Rising sea levels from global warming only one of the problems likely to face hundreds of millions of people.

According to the scientists who have written the draft report, hundreds of millions of people will be affected. Photo / AP
According to the scientists who have written the draft report, hundreds of millions of people will be affected. Photo / AP

People in coastal regions of Asia, particularly those living in cities, could face some of the worst effects of global warming, climate experts will warn this week.

Hundreds of millions of people are likely to lose their homes as flooding, famine and rising sea levels sweep the region, one of the most vulnerable on Earth to the impact of global warming, the United Nations says.

The report - Climate Change 2014: Impacts, Adaptation and Vulnerability - makes it clear that for the first half of this century people living in developing countries in low latitudes, in crowded cities, particularly along the coast of Asia, will suffer the most climate change, triggered by rising carbon dioxide levels in the atmosphere.

A final draft of the report will be debated by a panel of scientists set up by the Intergovernmental Panel on Climate Change this week at a meeting in Yokohama, Japan, and will form a key part of IPCC's fifth assessment report on global warming whose other sections will be published this year.

According to the scientists who have written the draft report, hundreds of millions of people will be affected by coastal flooding and land loss as global temperatures rise, icecaps melt and sea levels rise.

"The majority of it will be in east, southeast and south Asia. Some small island states are expected to face very high impacts."

In addition, the report warns that cities also face particular problems.

"Heat stress, extreme precipitation, inland and coastal flooding, as well as drought and water scarcity, pose risks in urban areas with risks amplified for those lacking essential infrastructure and services or living in exposed areas."

The report adds that this latter forecast is made with very high confidence.

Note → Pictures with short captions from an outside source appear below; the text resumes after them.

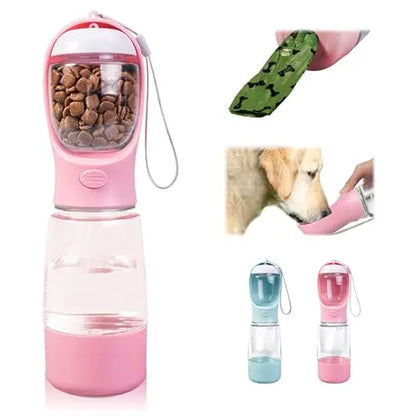Portable Pet Water Bottle and Food Container with Travel Bowl - Essential Accessories for Outdoor Activities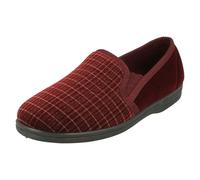 Slippers Mens Slippers Checkered Pattern Full Slippers - Ryan - Wine - UK 10
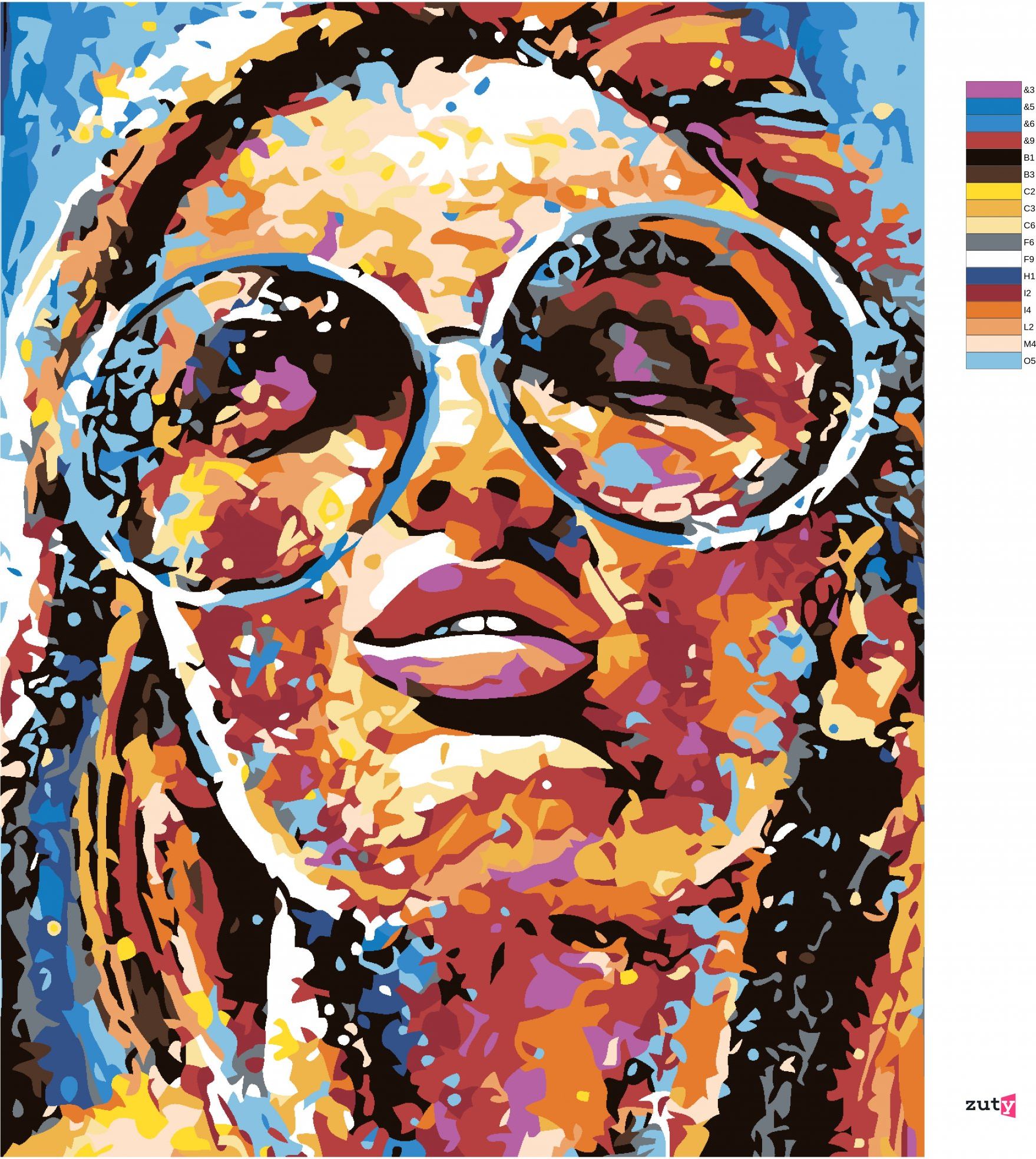 zuty Malování podle čísel - ŽENA V BARVÁCH A KULATÉ BRÝLE - Rozměr: 40x50 cm, Rámování: Varianta: bez rámu a bez vypnutí plátna - obrázek 10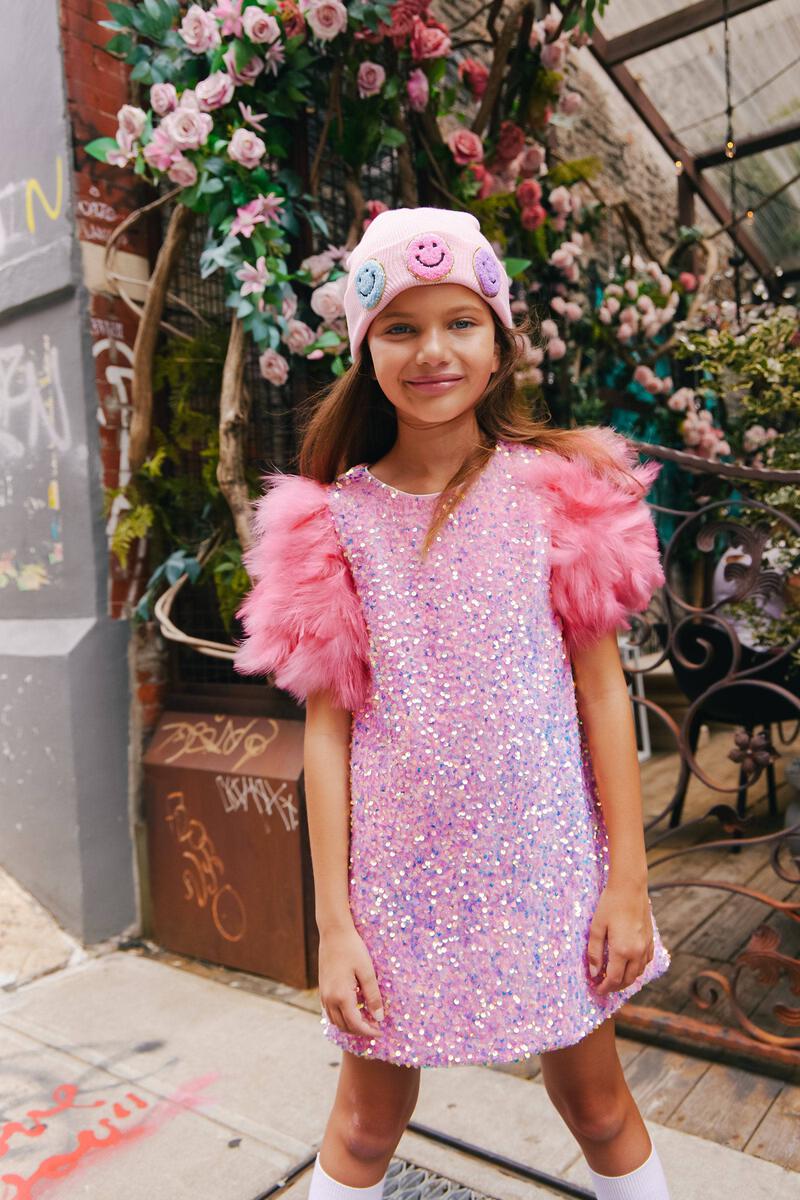 FEATHER SEQUIN PARTY DRESS (PREORDER) - LOLA AND THE BOYS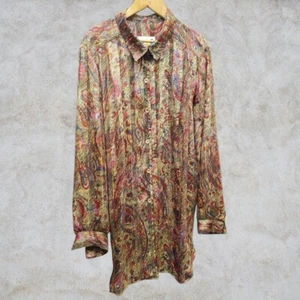 VTG EGO Blouse Womens 40 20W Multicolor Top Abastract Art Sheer 90s Made in USA - Picture 1 of 7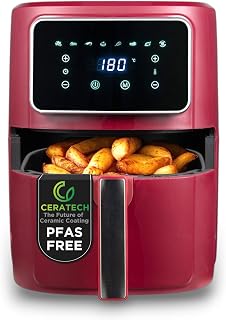 BERGNER MAROON - PFAS-Freie Heißluftfritteuse 1800W 6.9L - 8 Kochprogramme - Air Fryer mit Keramikbeschichtung - Temperatureinstellung 80-200°C - Timer bis zu 30 min - Gesundes & Ölfreies braten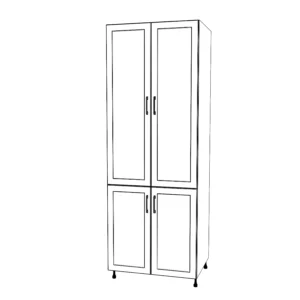 32" Wide Tall Pantry Cabinet - Painted Doors
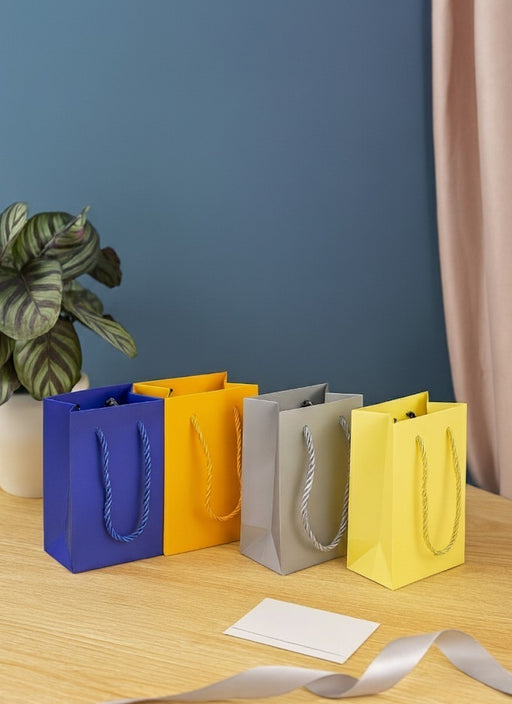 24 Pcs Random Solid Color Gift Bags with Handle Gift Paper bag, gift For Gifting, marriage Return Gifts, Birthday, Wedding, Party, Season's Greetings (Multi)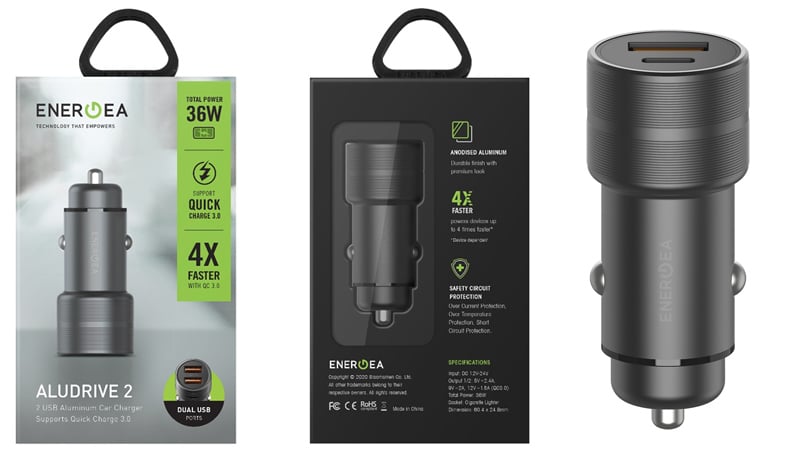 Energea Car Charger 1 USB-A (18W) / 1 USB-C (20W) Gunmetal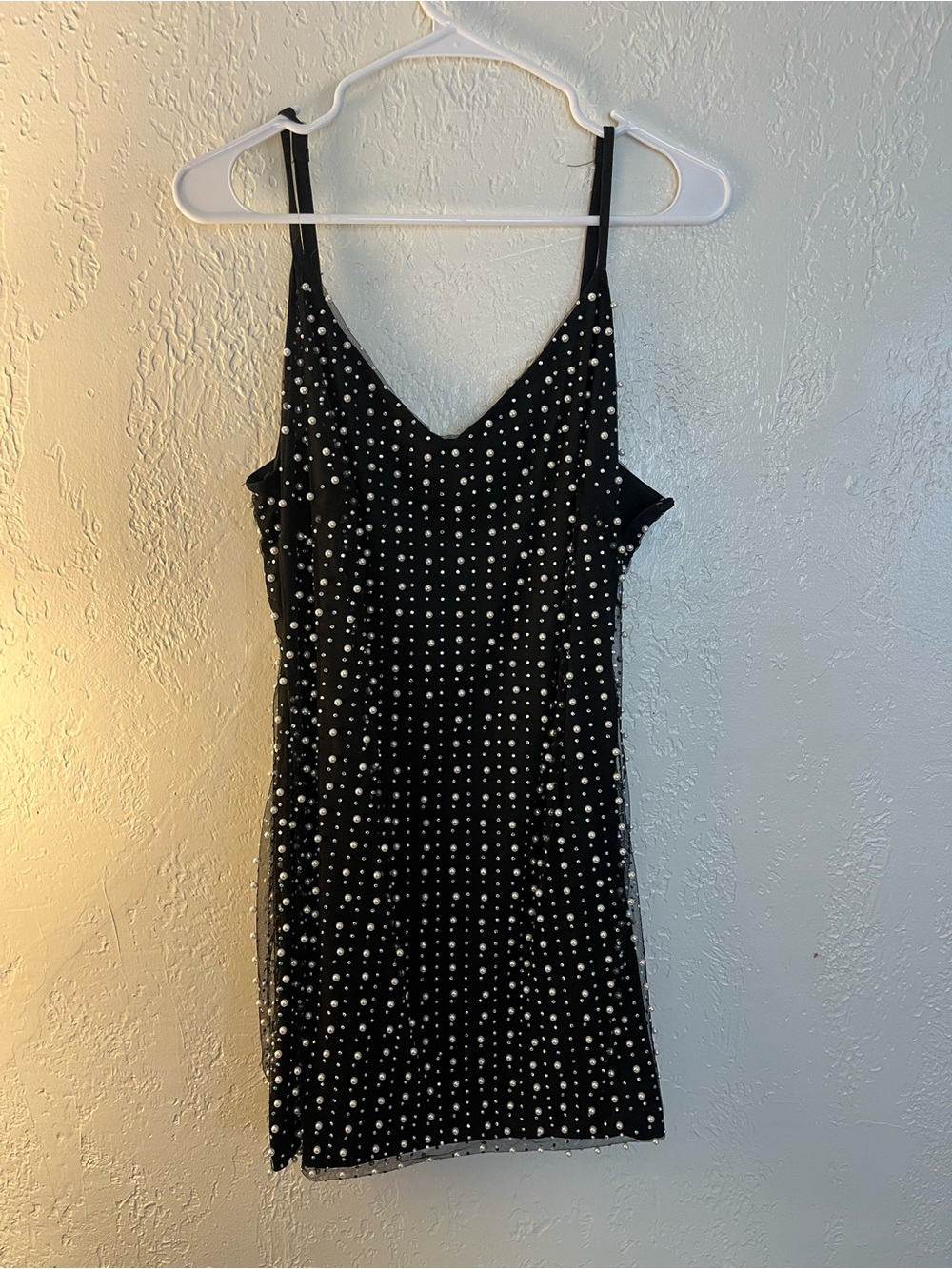 Black Embellished Pearl Spaghetti-Strap Dress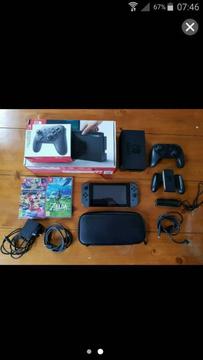Nintendo switch complete boxed 2 games pro controller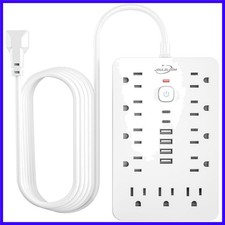 6 FT Flat Plug Surge Protector Power Strip,11 Multiple AC Outlets with 6 USB ...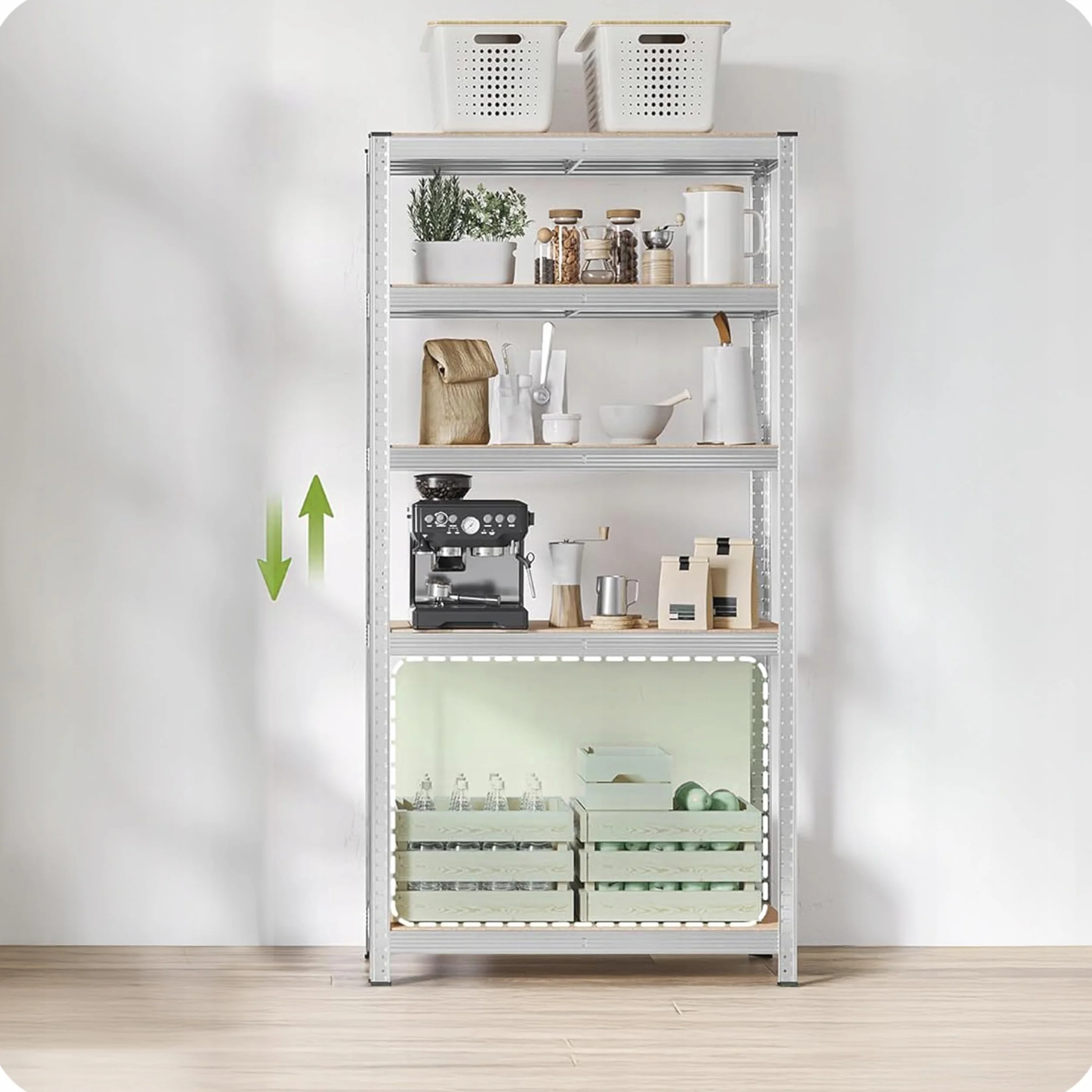 KRUMAD Regał Metalowy Magazynowy 180x90x40 cm, 2 sztuki, 5 Półek, Nośność 875 kg, Regulowane Półki, Stabilna Konstrukcja, Idealny do Garażu, Piwnicy, Warsztatu, Przechowywania Narzędzi i Materiałów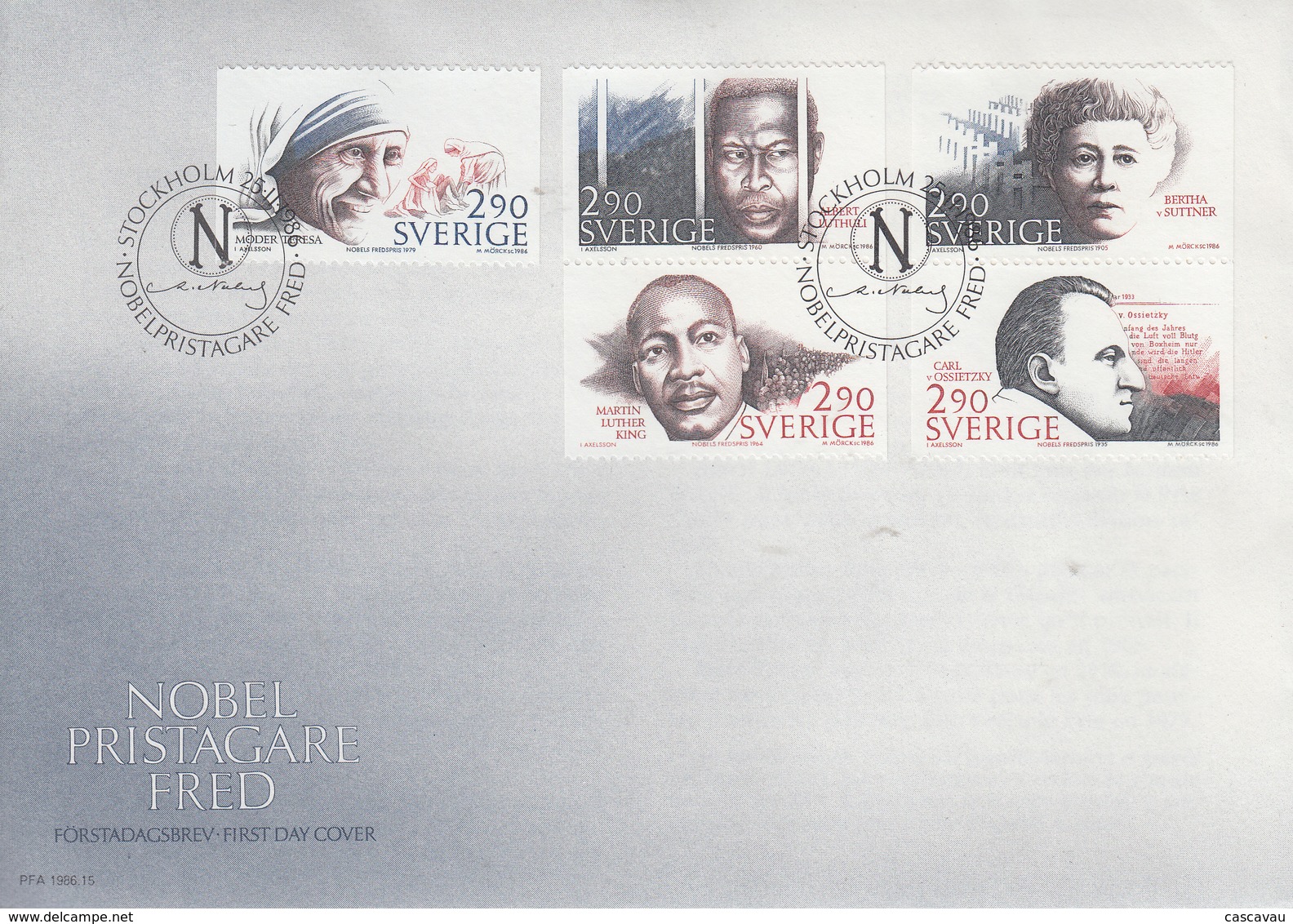 Enveloppe  FDC  1er Jour    SUEDE   Lauréats  Du  PRIX  NOBEL  DE  LA  PAIX   1986 - FDC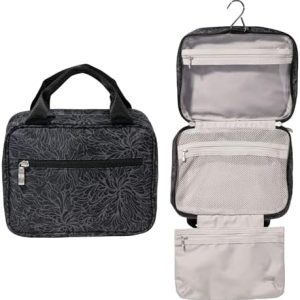 Unisex Hanging Travel Toiletry Kit by Baggallini - Lightweight 6x10 Inch Makeup Bag for Men and Women
| Baggallini Unis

In addition, climate change will slow down economic growth, further erode food security and trigger new poverty traps particularly "in urban areas and emerging hotspots of hunger", it is argued. This combination of a high-risk region and the special vulnerability of cities, make coastal Asian urban centres likely flashpoints for future conflict and hardship as the planet warms up.

The authors warn that some other climate change effects will be global.

"Climate change throughout the 21st century will lead to increases in ill-health in many regions, as compared to a baseline without climate change," it states. Other potential crises include the likelihood that crop yields will fall.